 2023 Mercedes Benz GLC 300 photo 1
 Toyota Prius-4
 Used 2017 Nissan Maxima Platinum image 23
---
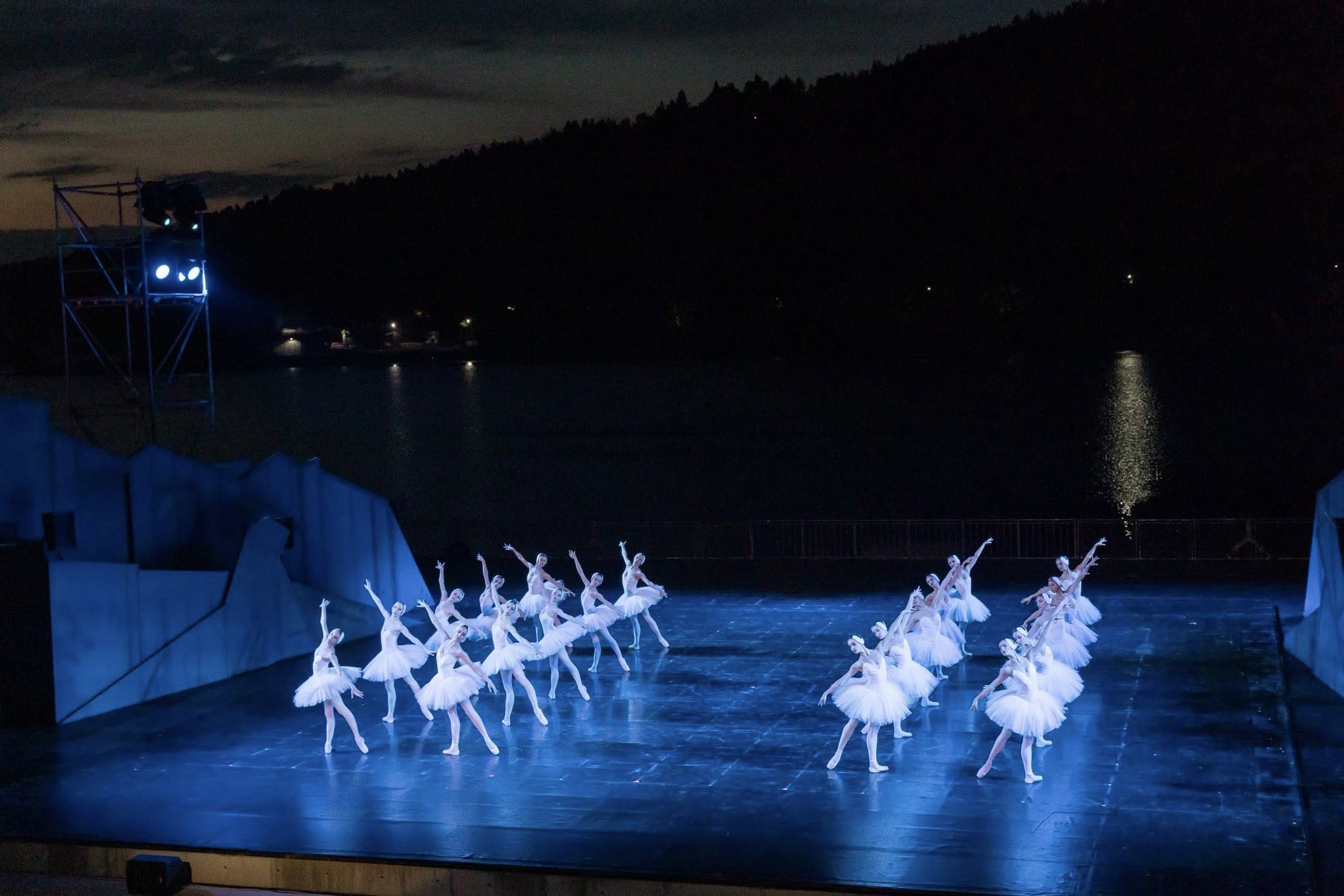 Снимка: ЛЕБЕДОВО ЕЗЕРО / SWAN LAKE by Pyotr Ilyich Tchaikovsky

= Exercise prompt =
Of the entries above, repeat exactly the lines from the line with "2023 Mercedes Benz GLC 300 photo 1" through the line with "Used 2017 Nissan Maxima Platinum image 23", both of them included.

= Result of the task =
 2023 Mercedes Benz GLC 300 photo 1
 Toyota Prius-4
 Used 2017 Nissan Maxima Platinum image 23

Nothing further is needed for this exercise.